Unisex clothes are designed to be worn by children of either sex. Obvious, right? But when you unpick it, it doesn’t actually make much sense. After all, a 2 year old child could technically *wear* any piece of clothing that’s the right size for their age. You could put it on them and it would fulfil the function of clothes. So what are we really talking about here?
It comes down to what society expects a boy or a girl to wear. It’s not about the wearability of the clothes themselves; it’s about the associations we make when we see them.
Most obviously, we expect that dresses and skirts will be worn by girls (more on that later). But more insidiously, these gender-based associations have crept into colours, patterns, prints, fonts, trims, even the fit of an item.
If you walk into (or log onto) pretty much any High Street kids clothing store, you will see an actual and stylistic divide between boys' and girls’ clothes that goes way beyond skirts:
- Colours - pink, purple, pastels & lighter colours for girls, blue, red, black & darker colours for boys
- Designs - sweet and cute for girls (princesses, unicorns, baby animals, flowers), active and aggressive for boys (vehicles, dinosaurs, wild animals, superheroes and space)
- Fonts - smaller and more decorative for girls, larger and bolder for boys
- Trims - decorative ribbons, frills, bows, glitter etc for girls, plain for boys
- Fit - often tighter and shorter for girls, looser and longer for boys
(If you don’t believe me, just take a quick look at Next, H&M, M&S, your nearest supermarket…)

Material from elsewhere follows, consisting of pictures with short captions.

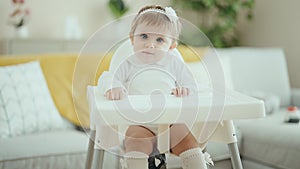Adorable blonde baby smiling confident sitting on highchair at home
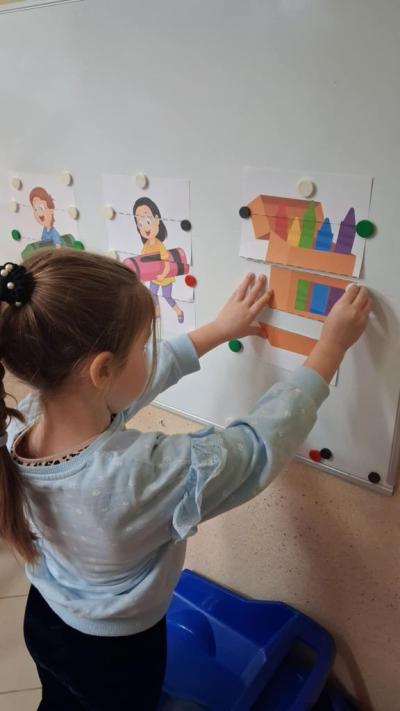 6. Dziewczynka przyczepia fragment obrazka do tablicy magnetycznej.JPG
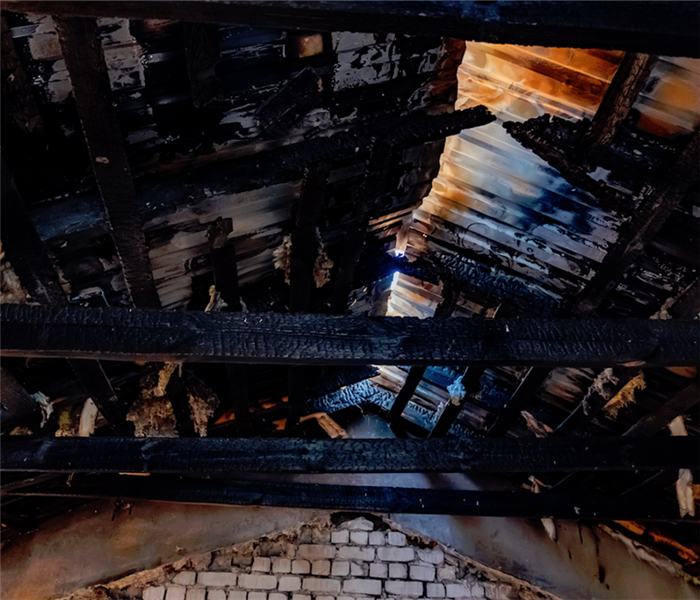 a fire damaged ceiling that is burnt and almost broken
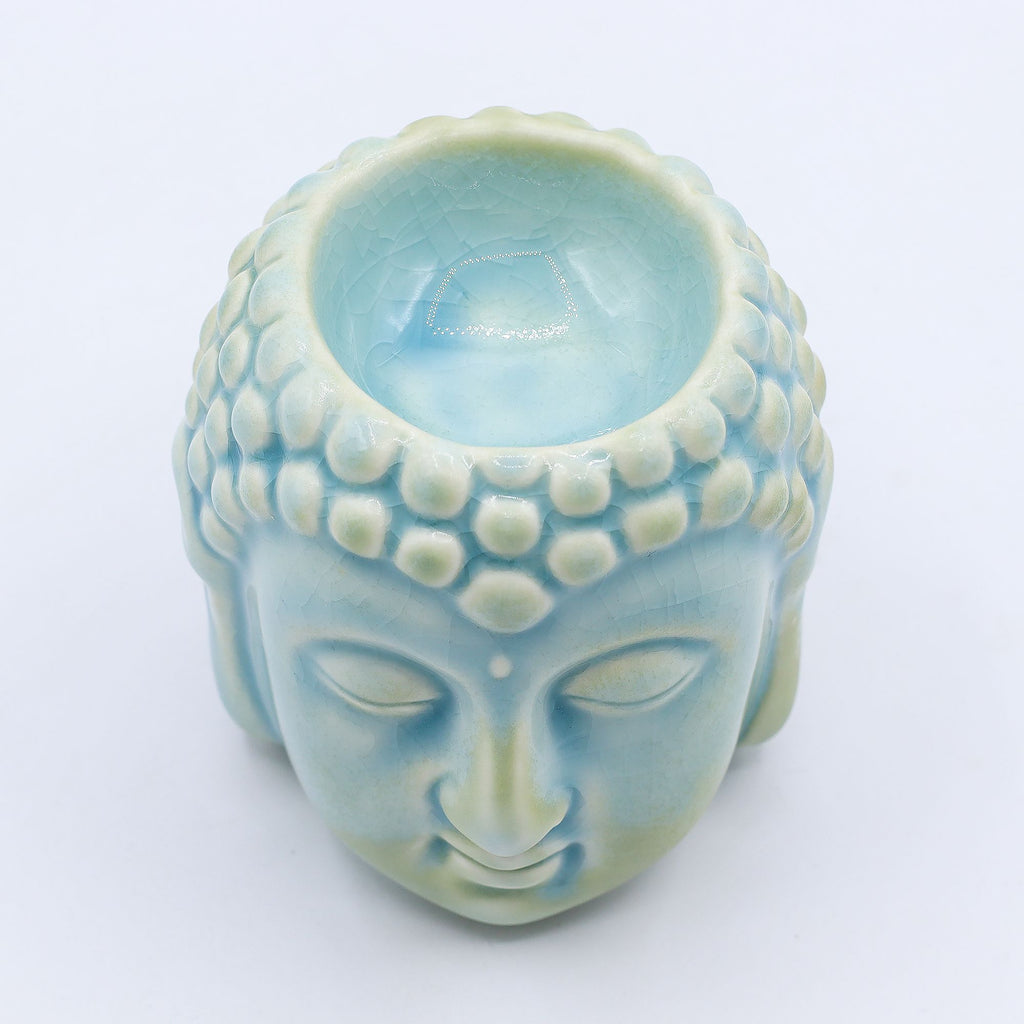 Ceramic Buddha head with a light blue interior on a white background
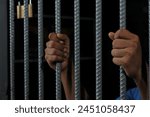 Man in prison hands of behind hold Steel cage jail bars, Male prisoners were severely strained in the dark prison, violence, human trafficking, prison and prisoner concept.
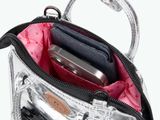 a silver purse with a cell phone inside of it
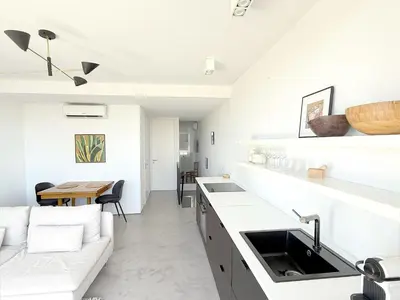 a white bedroom with a large white bed and two lamps at 1BR with Panoramic View in historic centre Loulé in Loulé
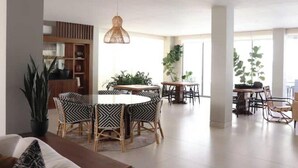 A spacious living area with a round dining table surrounded by patterned chairs, a hanging light fixture, and large windows allowing natural light. - Casa El Encanto Priv Rooftop With Tub Best Loc (El Tezal)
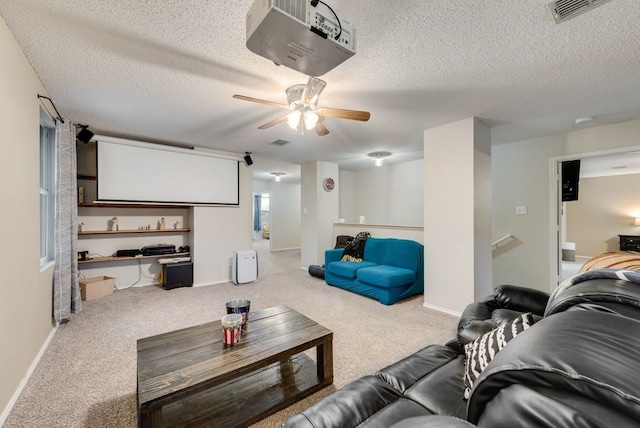 carpeted cinema featuring a textured ceiling, visible vents, and baseboards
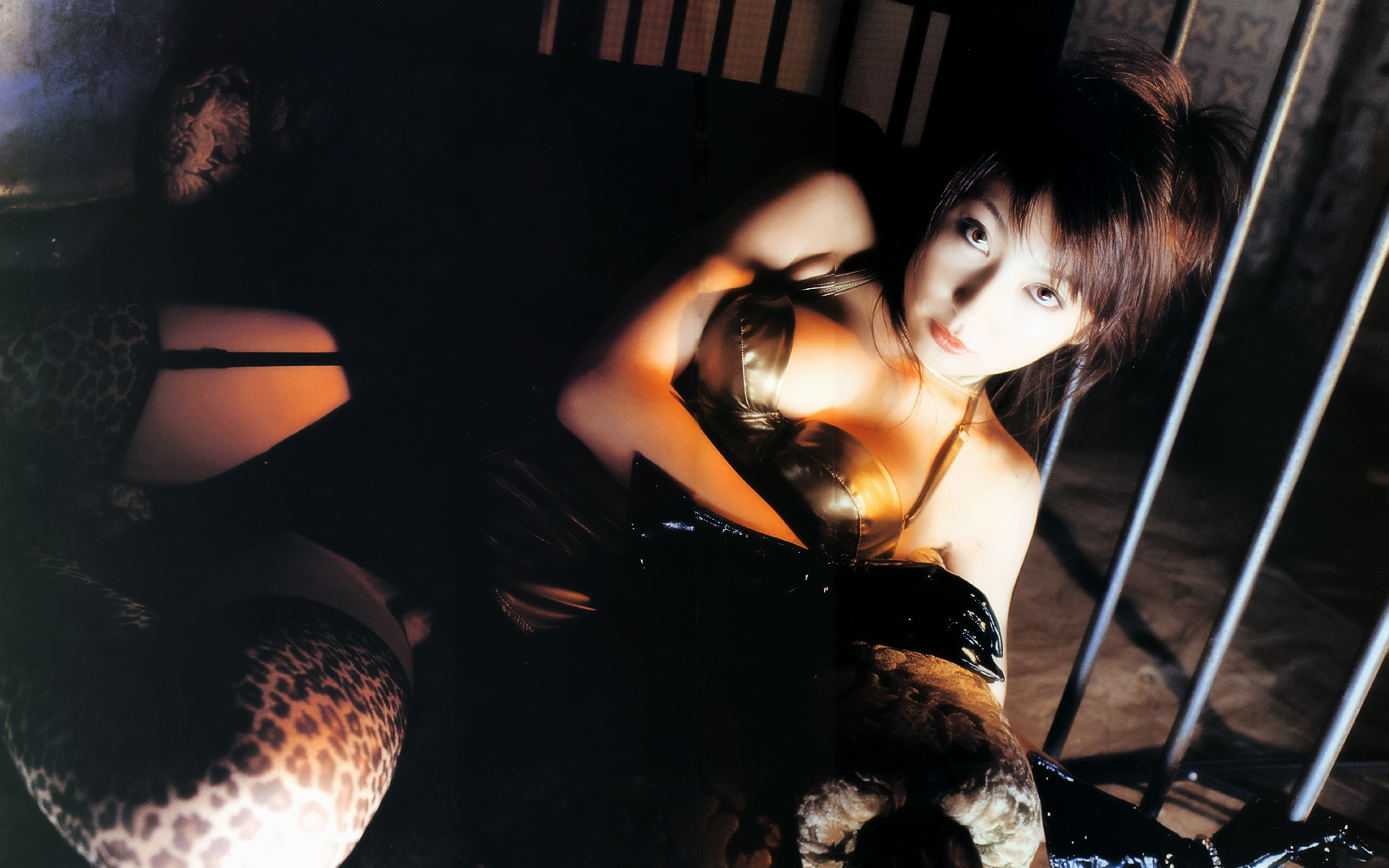 kumada yoko, highres, photo (medium), 7 days 7 colors, asian, cage, garter belt, halterneck, leopard print, thighhighs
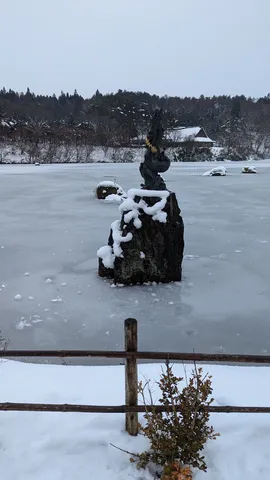 凍った湖に佇む龍の彫刻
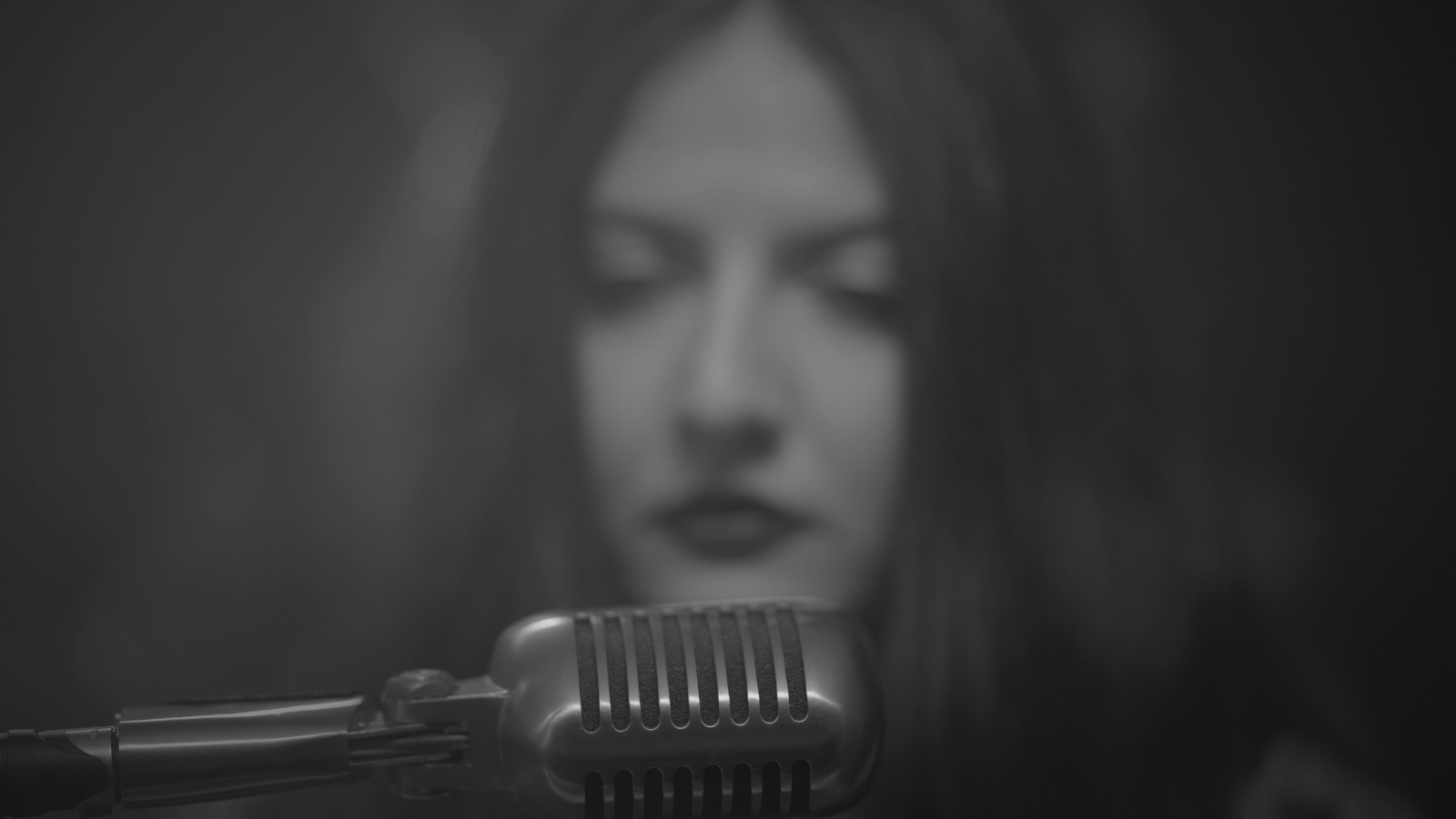 Moody black-and-white still from the Flashlife video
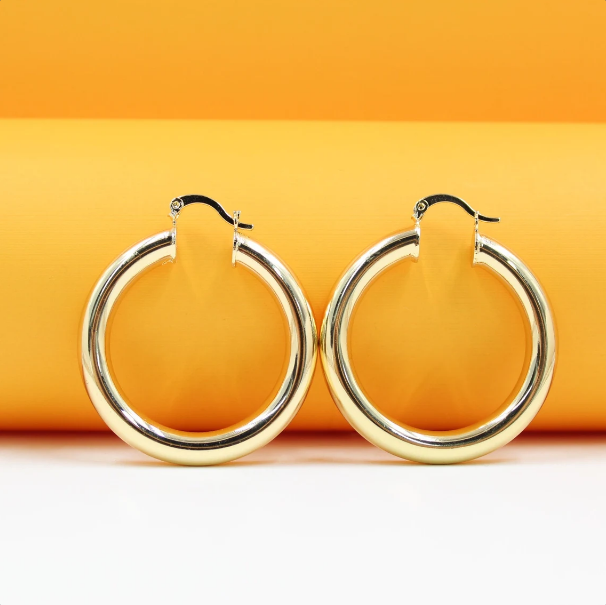 MIA Jewelry 18K gold-filled thick lever back hoop earrings and open hoop studs, showcasing shiny gold jewelry with a secure clasp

For me unisex baby & kids clothes would be better defined as clothes that do not conform to gender stereotypes.
If you buy unisex baby or kids clothes at a store like ours, you’ll find:
- No divide between boys and girls clothes at all - shop by age or type of clothes instead
- All the colours of the rainbow to choose from
- Original designs that any child can wear - and then pass on to siblings, cousins, friends
- Comfortable, practical styles to play and grow in, from rolling and crawling to running and jumping
- No old-fashioned gender stereotyping whatsoever
Confession time: I actually don’t like the word ‘unisex’. I prefer ‘stereotype-free’ because that’s what we’re really doing here. We’re excluding gender stereotypes. We’re choosing cool, original, interesting, varied clothes in their place. And that includes dresses and skirts because there’s nothing wrong with traditionally female clothing, minus the baggage of stereotypes that usually go with it.
But does it matter if babies and kids wear unisex clothes or not?
Good question. I think it does.
Let’s go back to those differences between boys’ and girls’ clothes. Why do they exist? It’s not because little boys and girls are physically very different - the actual sizes of the clothes (height and weight) are identical for babies and toddlers. So what’s at play here is, again, our society and culture. And what do the differences say about our expectations for boys and girls?
Girls’ clothes are pretty and decorative, filled with sweet and cute things, expressions of love and emblems of femininity like princesses.
Boys’ clothes are functional and plain, characterised by loud, dynamic, roaring things (cars, dinos, rockets, trains - the list goes on) and a complete absence of anything sweet and cute beyond the baby stage.
Is this underlying message - that girls are pretty and loving, while boys are strong and aggressive - really one that we’re happy with? Are our children really as simple and easily divided into two opposing camps based on their biological sex?? Of course not - and you are probably thinking that just wearing clothes like this doesn’t make them so.
Absolutely not. But to quote the novelist Chimamanda Ngozi Adichie, the problem with stereotypes is that they make one story become the only story [my italics].
When there are so many dinosaurs, cars, princesses and unicorns, they push out other designs - and by extension, other interests and ideas, out of the picture. So one day the kid who’s not into those things feels like they should be, because everyone else is. Or that if they don’t like those things, they’re not a ‘normal’ boy or girl. They refuse to wear a colour they really like because they know they’ll be teased at pre-school. One story becomes THE story, and diverging from it becomes socially very difficult.
I’m not saying never buy a dino onesie or a unicorn tee - but let’s hear it for variety. Let's give some other stories space to unfold. Let's give children the freedom to like and wear whatever they want.
That's what unisex clothes are for and that's why they matter.